On Monday, Senator Lindsey Graham, the South Carolina Republican, reiterated a position that cuts against the core of the Constitution. President Donald Trump “must” invoke emergency powers to construct a border wall, he wrote, “if the White House and Congress fail to reach a deal.” The comment allies Graham with some immigration hard-liners in the Republican Party and is perhaps intended to avert another pointless government shutdown. But it marks a betrayal of Congress.
A border wall would be a major budget item, a transformative piece of infrastructure, and an impingement on the property rights of thousands of American citizens. “Less than one-third of the needed land is currently owned by the federal government,” explains Ilya Somin, a law professor at George Mason University. “The rest—as much as 1,300 miles—is held by private owners, Native American tribes, and state governments, many of whom are unlikely to sell voluntarily.

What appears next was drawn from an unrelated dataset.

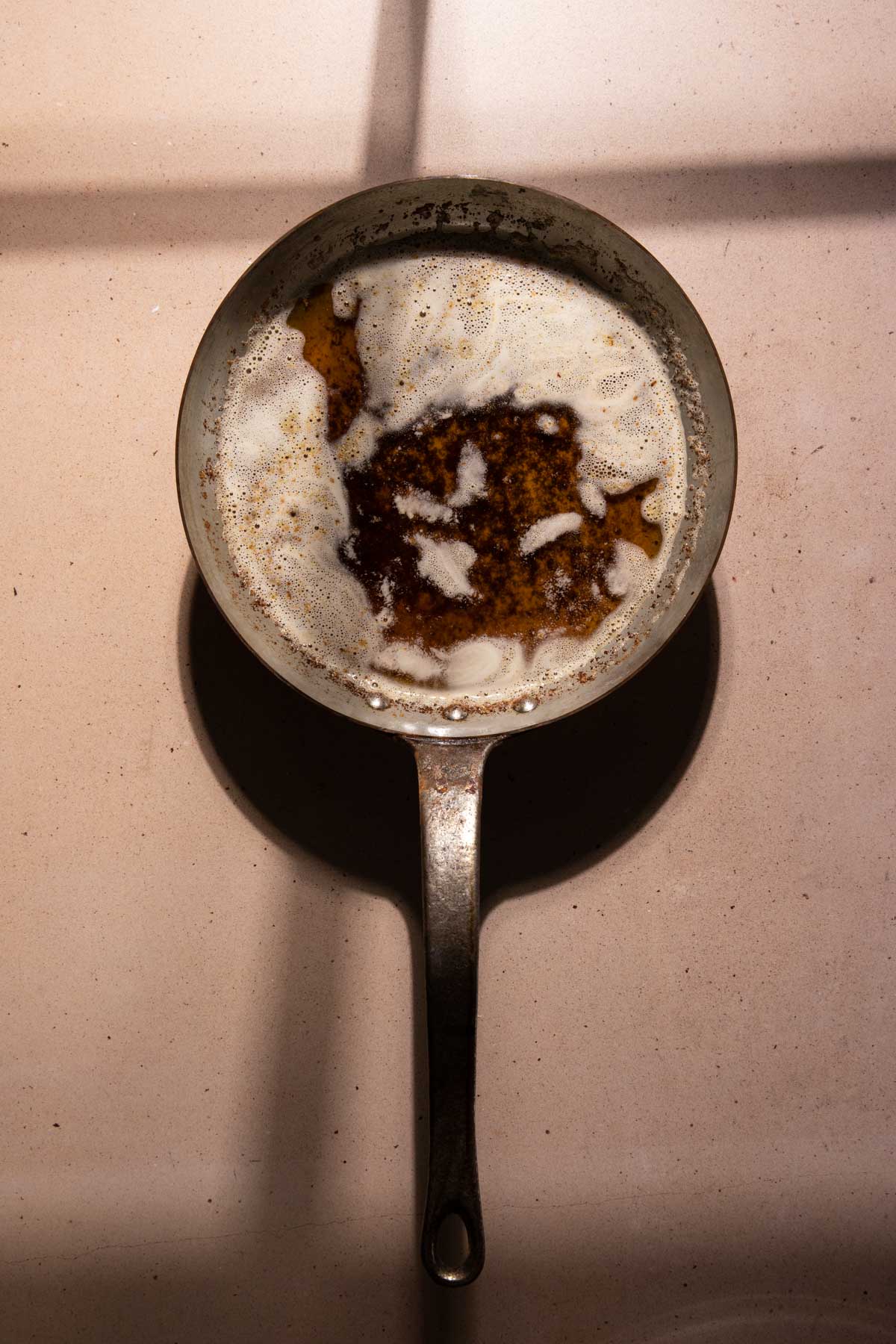 Browned butter in a saute pan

Even if the wall does not cover the full 2,000 miles because it excludes some areas, such as those that have ‘natural’ barriers, many property owners will have to be displaced.”

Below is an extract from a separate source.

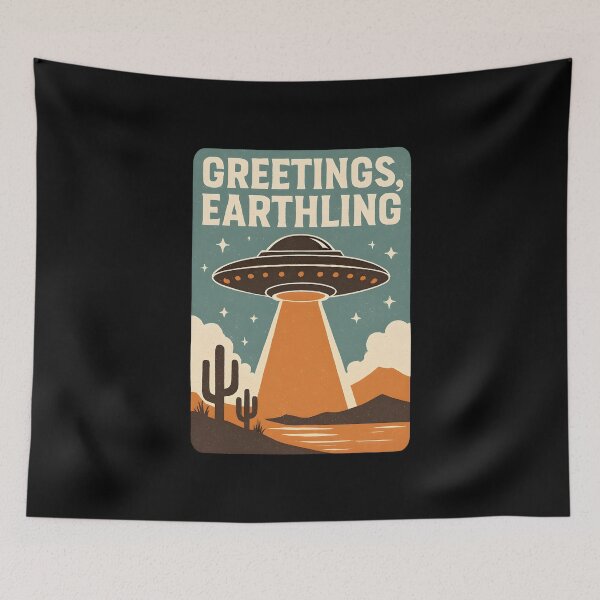 Item preview, Greetings Earthling Retro UFO Flying Saucer designed and sold by Photo-Sphere101.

Even when Republicans held both houses of Congress, they failed to approve funding for the wall that the Trump administration wants to build. What’s more, “nearly two-thirds of Americans surveyed in a new poll said they are against President Trump declaring a national emergency to direct the construction of a wall along the southern border,” The Hill reports, “almost twice the amount of those in favor of it.” The prospect of a president embarking on a major initiative unilaterally, against the popular will, and seizing thousands of parcels of private property in the process is why we have a Congress to check him.

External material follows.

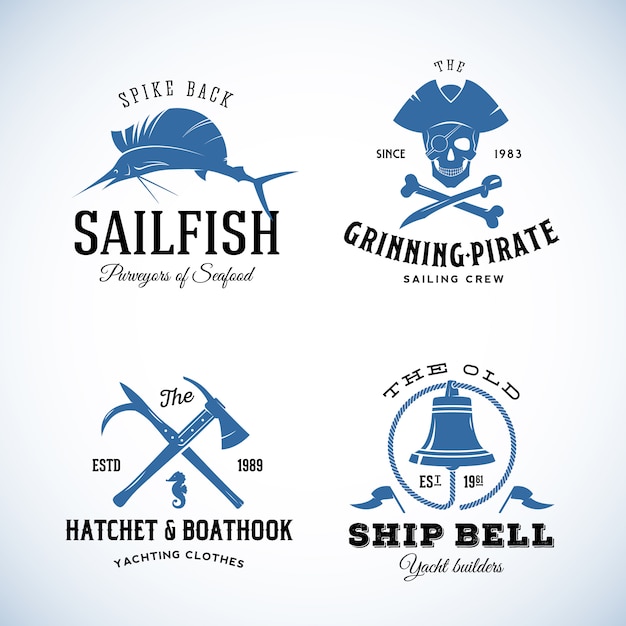 Vintage nautical sea logos.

The Framers assumed that those elected to the co-equal branch would jealously guard their power, at times even to excess. Instead, Graham has become so focused on currying favor with the president that he is betraying one of his core constitutional responsibilities in order to play sycophant. In doing so, he is exacerbating an imperial presidency that grew under Bill Clinton, George W. Bush, and Barack Obama. “Each abuse builds on the next,” writes David French, who concludes, “The loser is our constitutional republic.”
It is bad enough when presidents, their staffers, and their apologists undermine the separation of powers in favor of the executive branch. It is even worse when a legislator joins in undermining his own branch. There is only one position for a responsible U.S. senator: If the White House fails to reach a deal with Congress on a border wall, it simply doesn’t happen.